The legal challenge was brought by the Adalah Legal Center for Arab Minority Rights in Israel, the Association of Civil Rights in Israel, and affected individuals. The Adalah Center issued a statement in response to the decision, saying: “The High Court of Justice today approved a law the likes of which does not exist in any democratic state in the world, depriving citizens from maintaining a family life in Israel only on the basis of the ethnic affiliation of the male or female spouse. The ruling proves how much the situation regarding the civil rights of the Arab minority in Israel is declining into a highly dangerous and unprecedented situation.”
The Association for Civil Rights in Israel also slammed the decision, stating that “the majority opinion has stamped its approval on a racist law, one [that] will harm the very texture of the lives of families whose only sin is the Palestinian blood that runs in their veins.”
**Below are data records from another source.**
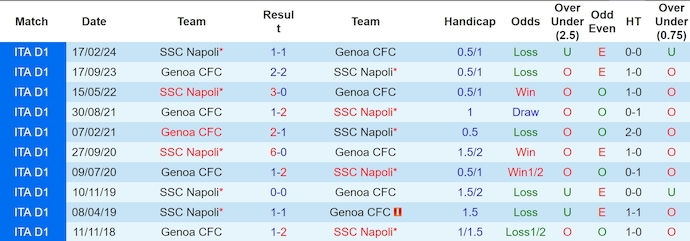 Nhận định soi kèo Genoa vs Napoli, 0h00 ngày 22/12: Bám đuổi ngôi đầu - Ảnh 5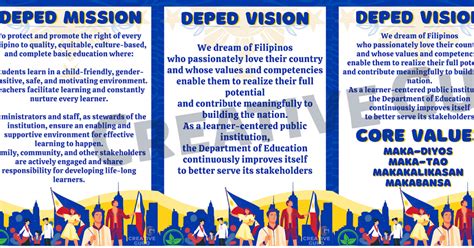 Mission And Vision Poster Template Pdf Example Minasinternational
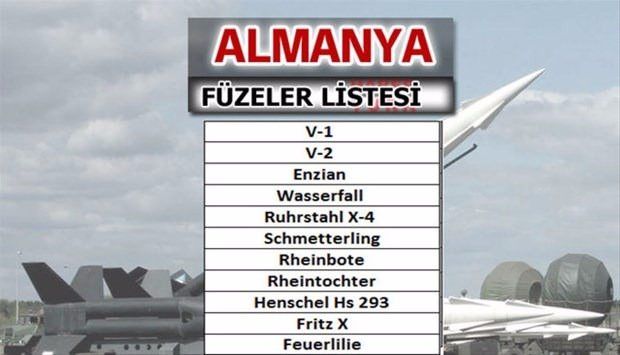 Türkiye'nin füze sayısı şaşırttı! İşte liste... 11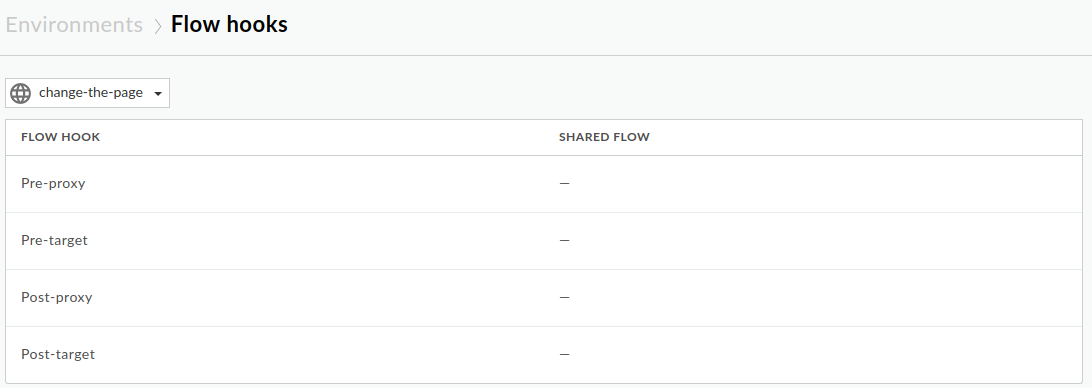 Pagina dei hook di flusso che mostra i flussi condivisi pre-proxy, pre-target, post-proxy e post-target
Arabs make up about 20% of Israel’s population of 7 million (presumably excluding Mizrahi Jews). About 3 million Palestinians live in the West Bank and Gaza Strip. Many families were divided by ceasefire lines after wars, and marriage between the two groups has been common over the years. Between 1993 and 2002, more than 100,000 Palestinians obtained Israeli residency permits in this manner—which the Israeli right has portrayed as a security threat. Many couples now fear residency will be withdrawn retroactively following the new high court decision. “The Citizenship Law will lead to the expulsion of thousands of families from the country,” said Hatam Iyat, an attorney from the village of Qara whop is married to a Palestinian woman, the mother of his four children. “But we will not remain silent; we will take action against the law.” (Ha’aretz, Ha’aretz, Electronic Intifada, YNet, YNet, Jan. 12; Ha’aretz, Jan. 11)
Israel last year passed a controversial law to deny citizenship for “treason.” A law that would impose a loyalty oath for Israeli citizenship remains pending.